Totally. He even did a pod with Saifedean. Then another with Vallis, Breedlove, and Gigi. Sometimes I think he doesn’t want the solution, he just wants to complain, which is far more monetizeable. I like his interpersonal and personal development stuff, but on bigger picture topics, I can’t take someone seriously unless they’re radically against central banking and also loudly pro Bitcoin. Otherwise they have critical gaps missing from their models.
Discussion
Completely agree. A lot of movements or corporations set up for the advancement of solutions to real problems, as well as the people in them, end up turning into an institution predicated on complaining about the problem and usurping sympathy, and profiting only from that rather than from results. Charities, revolutionary movements, and libertarian leaning political parties often follow this arc.

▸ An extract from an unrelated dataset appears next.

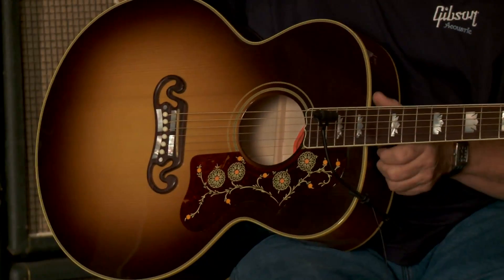This is a Gibson J-200 Wildwood New Vintage guitar. This is offered, like the other series, in the standard, the HG, and in the exotic.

Many grassroots intellectual figures who start with some great insight that has great results, like that personal development stuff, end up in a state of arrested development and uselessness, except as a Schelling point for further intellectual discussion and the marketplace of ideas. Whether and to what degree their followers or casual listeners progress beyond them becomes the primary determinant of progress. Not all intellectuals follow such an arc into stagnation or, worse, derangement, but it is very common due to the way most people are not willing to put an idea to the test before believing it.
So basically, you gotta be really disciplined in your intellectual models and, ideally, really, radically open to criticism. Being a Bitcoiner against central banks is a pretty good sign of that!